Stored items:
-*-
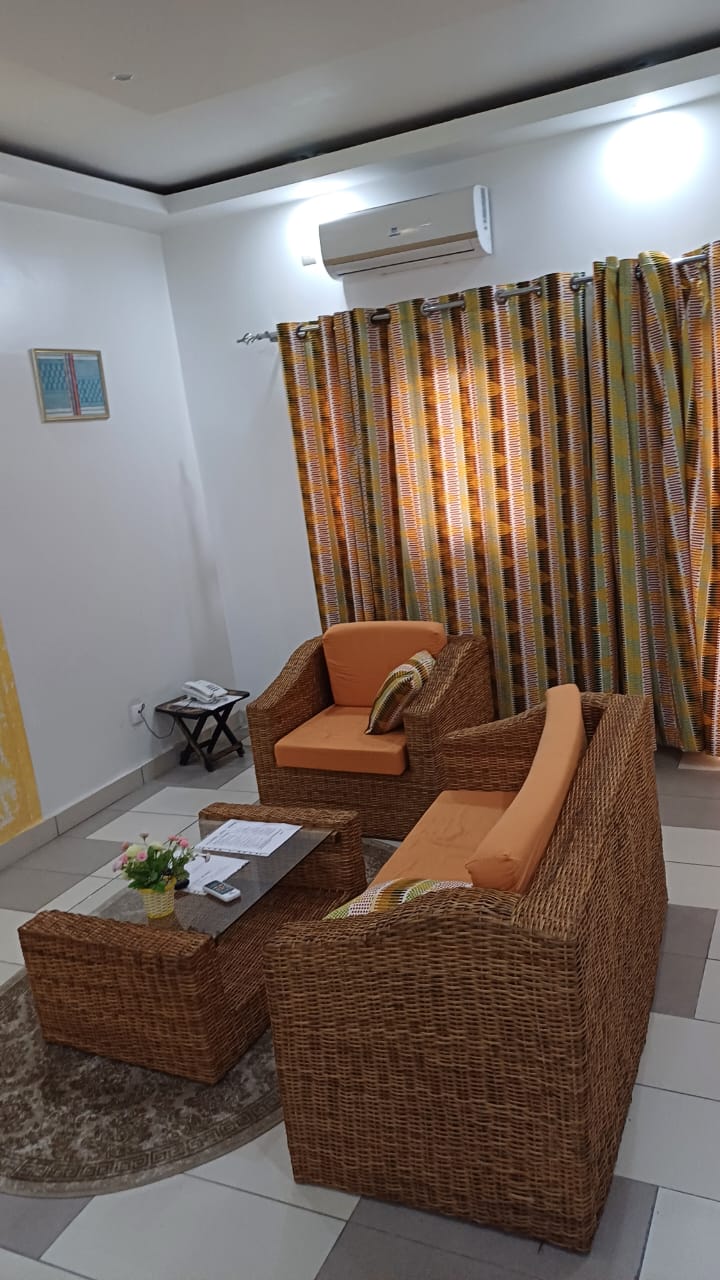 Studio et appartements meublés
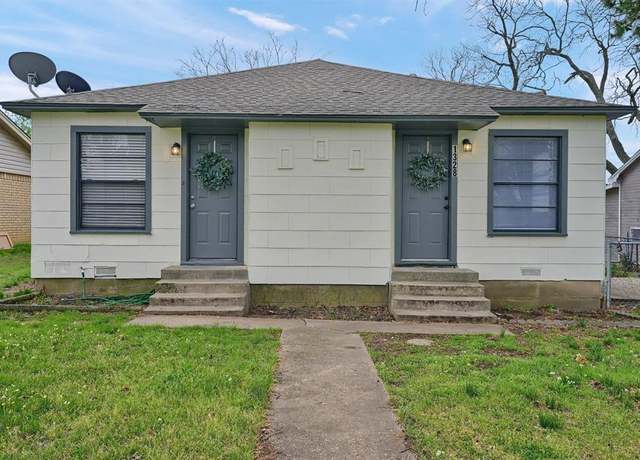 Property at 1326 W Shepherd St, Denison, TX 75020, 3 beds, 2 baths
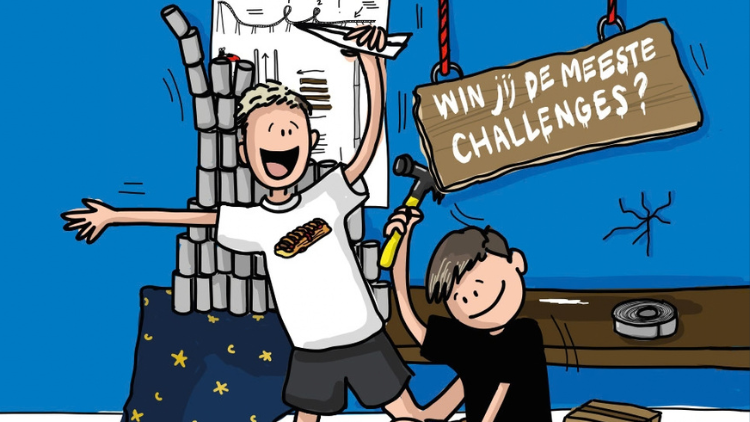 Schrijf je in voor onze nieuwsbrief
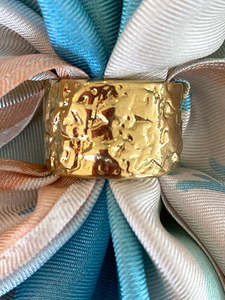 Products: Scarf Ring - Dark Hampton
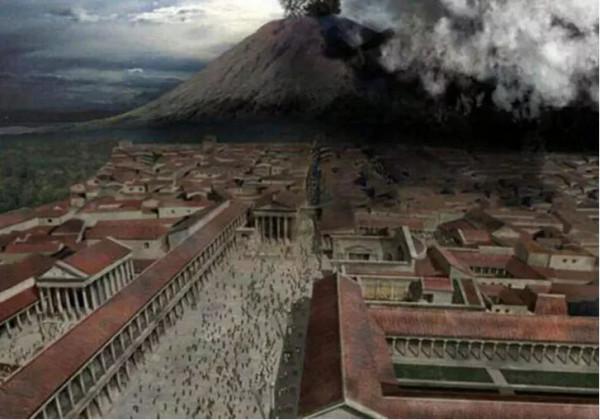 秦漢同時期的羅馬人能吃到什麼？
-*-
Prompt => Copy exactly the lines from the line that has "Property at 1326" through the last line of the entries above, inclusive, and no others. Pictures do not go in the copy.

Solved exercise =>
 Property at 1326 W Shepherd St, Denison, TX 75020, 3 beds, 2 baths
 Schrijf je in voor onze nieuwsbrief
 Products: Scarf Ring - Dark Hampton
 秦漢同時期的羅馬人能吃到什麼？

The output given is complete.